Para Vivian Rumjaneck, abrir as portas da universidade para jovens de baixa renda, onde eles têm o primeiro contato com a ciência e podem dar início a uma carreira acadêmica, traz benefícios não só para os bolsistas carentes. “É uma via de mão dupla. Os estagiários de baixa renda do Leopoldo aprendem muito, mas os alunos de pós-graduação do Instituto de Bioquímica aprendem tanto ou mais do que eles com a experiência de vida das crianças pobres, durante o convício acadêmico.

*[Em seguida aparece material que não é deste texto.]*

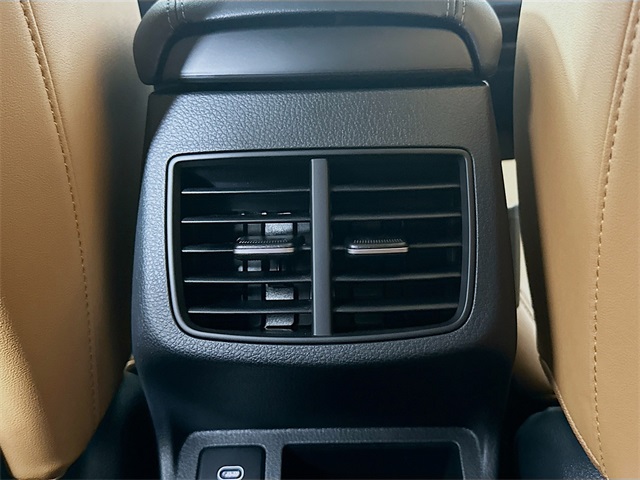 Vehicle image 26 of 33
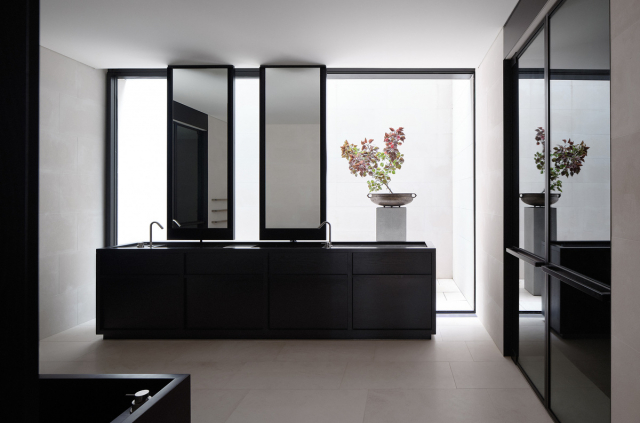 Kirribilli Apartment | Design: Mathieson Architects | Photography: Romello Pereira | Builtworks.com.au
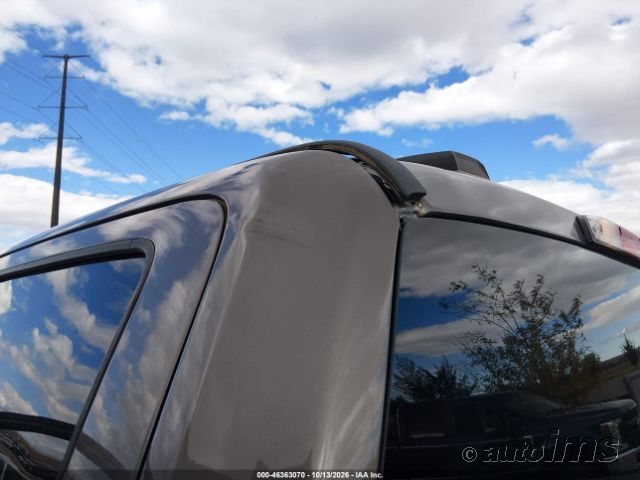 2022 Ford F-350 photo 2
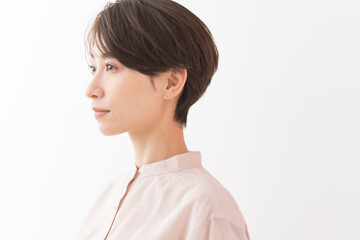 日本人女性ポートレート横顔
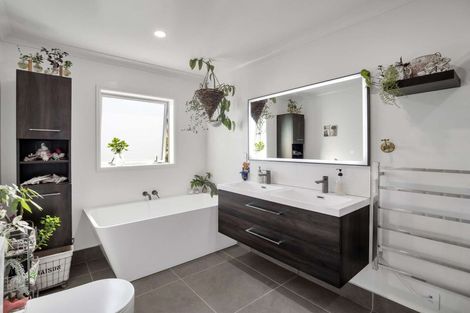 Photo of property in 20 Linkwater Way, Parklands, Christchurch, 8083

É uma experiência transformadora para todos”, ponderou Vivian, lembrando que quando se ajuda uma criança, o efeito social é multiplicador.

 

O professor Antonio Carlos Pavão, do curso de Química da Universidade Federal de Pernambuco (UFPE), destacou a necessidade que o País tem de promover investimentos em pesquisa ainda na educação básica. “Apesar do aumento da produção cientifica no País, que ocupa o 13 lugar no ranking mundial, não há uma contrapartida no Brasil de uma produção científica na educação básica”, ressaltou. Pavão disse ainda que não investir na educação científica nas escolas é um desperdício de formação de recursos humanos que poderiam, futuramente, contribuir para o desenvolvimento da ciência e da tecnologia no País. “As crianças têm a mesma curiosidade que move os cientistas. Com suas perguntas, elas também tentam compreender o mundo. É preciso aproveitar esse potencial”, disse.  

 

Já a professora do Instituto de Matemática da Universidade Federal Fluminense (UFF) Suely Druck, que criou a Olimpíada Brasileira de Matemática, acredita que o avanço da ciência e tecnologia no Brasil, nos últimos dez anos, foi considerável, mas ainda insuficiente. “O progresso que o País tem na área de ensino em ciências é extremamente pequeno em relação a sua necessidade. Desatres como o botijão de gás escondido que explodiu em um restaurante no Centro do Rio são exemplos da ignorância científica ainda presente no nosso cotidiano. Casos de infecção hospitalar e de pessoas que acreditam ser desnecessário beber água filtrada também são resultado da falta de educação científica básica”, concluiu.